## What to work on
For this exercise, output the entries below exactly from the line that holds "dining space featuring" to the line that holds "a house with", both ends included. No pictures belong in the copy.

## Extracted entries
# # # # #

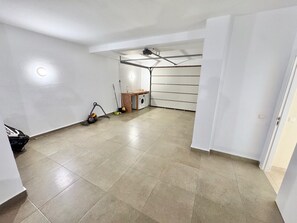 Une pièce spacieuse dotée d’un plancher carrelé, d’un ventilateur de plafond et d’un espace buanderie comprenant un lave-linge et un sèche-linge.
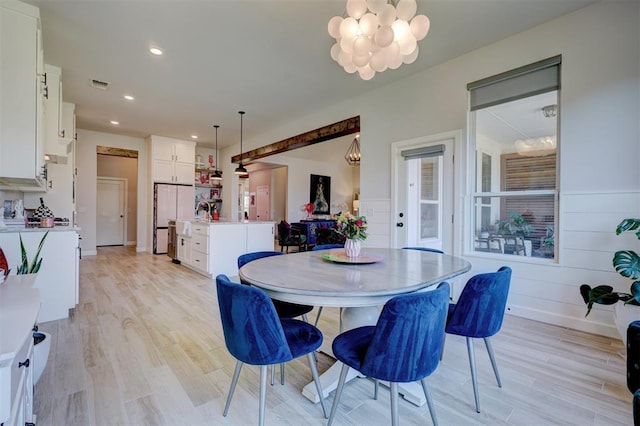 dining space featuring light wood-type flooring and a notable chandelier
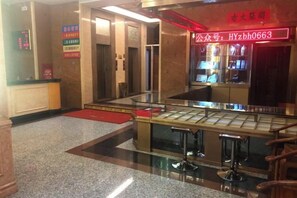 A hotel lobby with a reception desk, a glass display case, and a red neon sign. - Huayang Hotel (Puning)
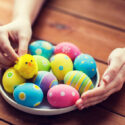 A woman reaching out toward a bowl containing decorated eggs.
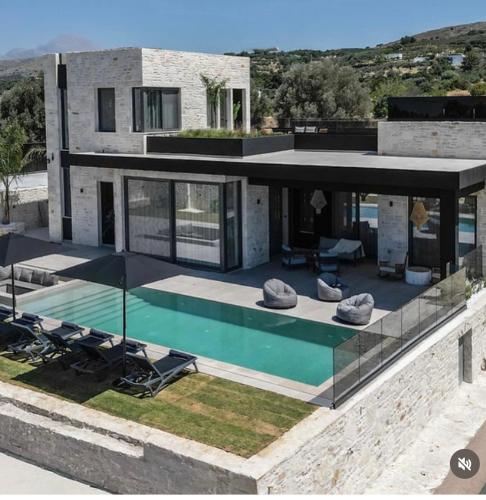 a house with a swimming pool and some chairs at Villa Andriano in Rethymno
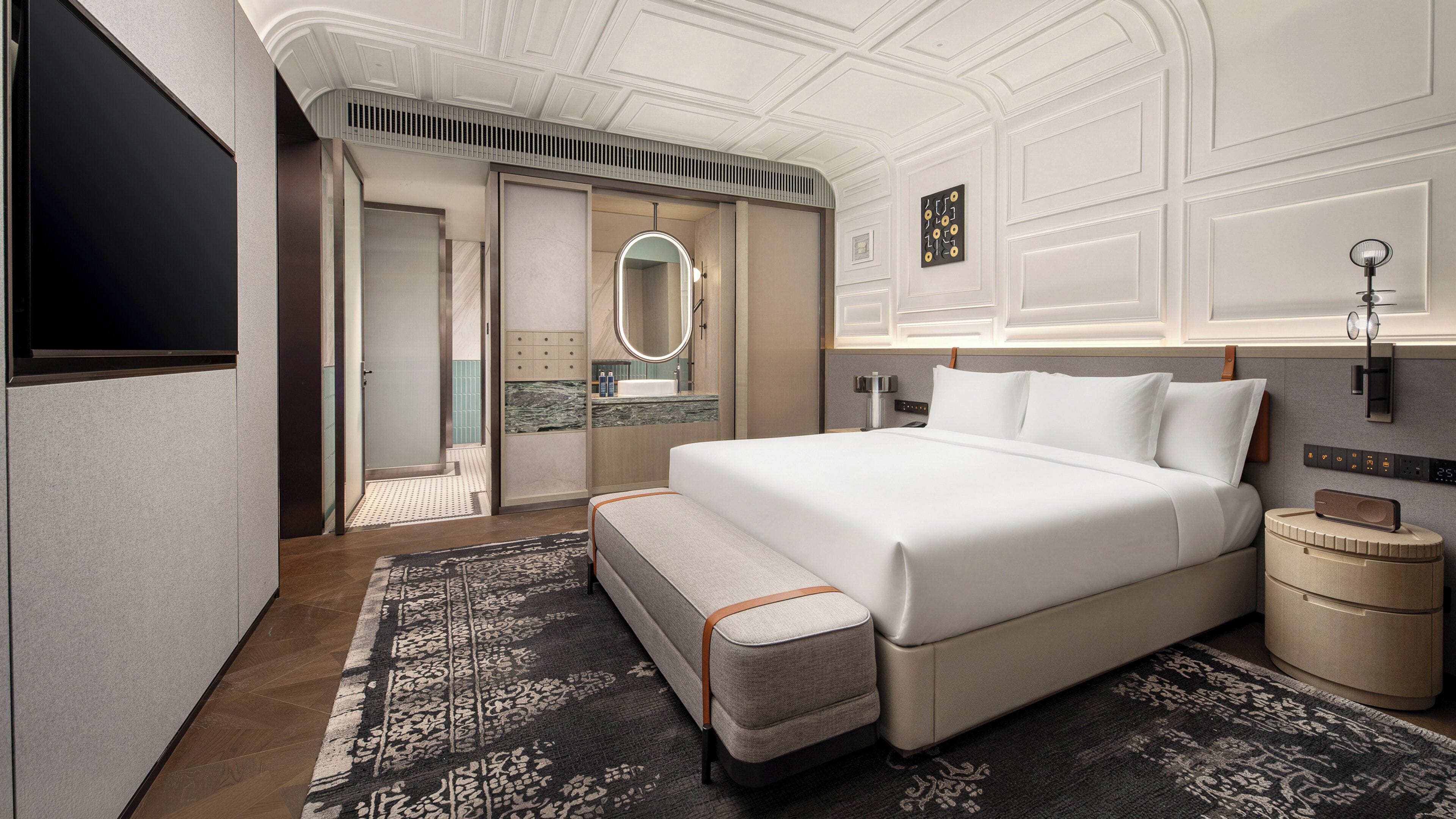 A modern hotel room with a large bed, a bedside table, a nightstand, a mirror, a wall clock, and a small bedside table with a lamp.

# # # # #

## Finished task
 dining space featuring light wood-type flooring and a notable chandelier
 A hotel lobby with a reception desk, a glass display case, and a red neon sign. - Huayang Hotel (Puning)
 A woman reaching out toward a bowl containing decorated eggs.
 a house with a swimming pool and some chairs at Villa Andriano in Rethymno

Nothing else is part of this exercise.